Many messages - When an MPI job crashes, you typically get more than one line of error messages. The FIRST line is the most important and contains the clue to your actual problem. The rest of the messages are usually the system's attempt to clean up the rest of the processes that have been left hanging!
Infinite messages - Occasionally, you will get runaway error messages that appear to be in an infinite loop... You will need to log onto porsche from another window and issue a shoot command.

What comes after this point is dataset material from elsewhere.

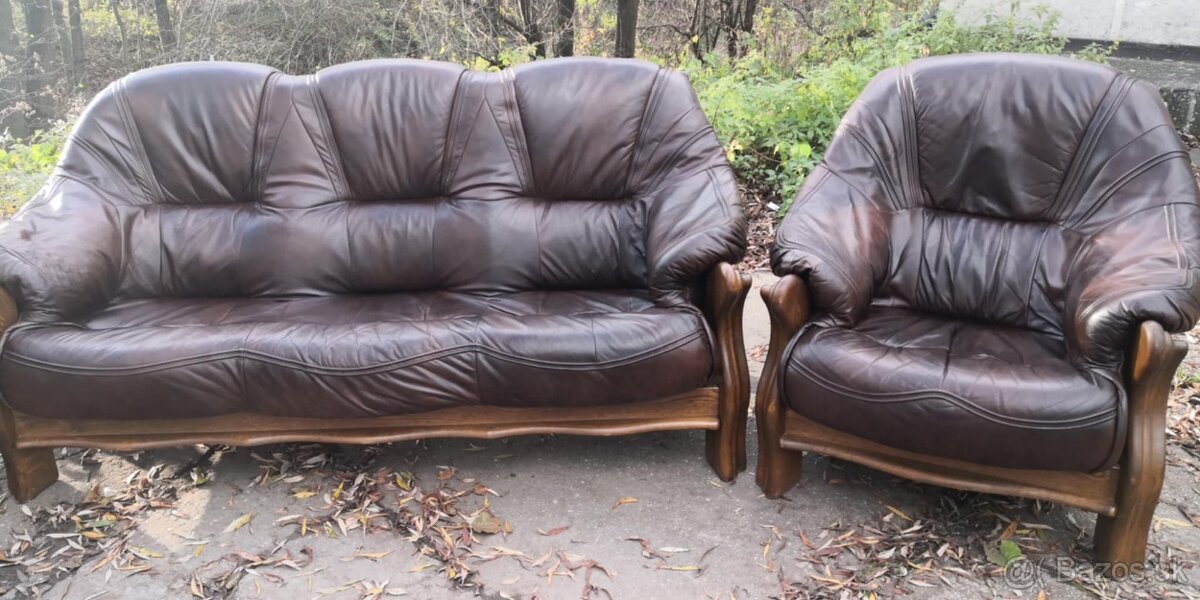 Kožená sedacia súprava 3+1+1 s masivnym drevom - 4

Intermittent messages - During initial testing, it was discovered that the DEC Alphas sometimes issue intermittent error messages on programs that are correct. The errors may have something to do with a network or hardware problem. Gurus are looking at the problem but... unfortunately you may still have to deal with this! Our suggestion... build your program slowly, adding just a few lines at a time. If you do get an error that does not have obvious origins, run the code a couple of times to make sure it is your problem and not the system. Don't forget to do a shoot command between runs to clean up leftover jobs. Error messages that are suspicious for being system problems usually contain phrases like:
net_send: could not write unidentified err handler bad file number interrupt SIGBUS: 10
Uninitialized variables - Another potential problem error could be uninitialized variables. MPI_Init in the main part of your program appears to set uninitialized variables to zero; however, uninitialized variables in subroutines appear to be set to the usual C compiler initialization; that is, garbage. Beware of subroutines bearing garbage! A clue to this problem is a SIGFPE error message.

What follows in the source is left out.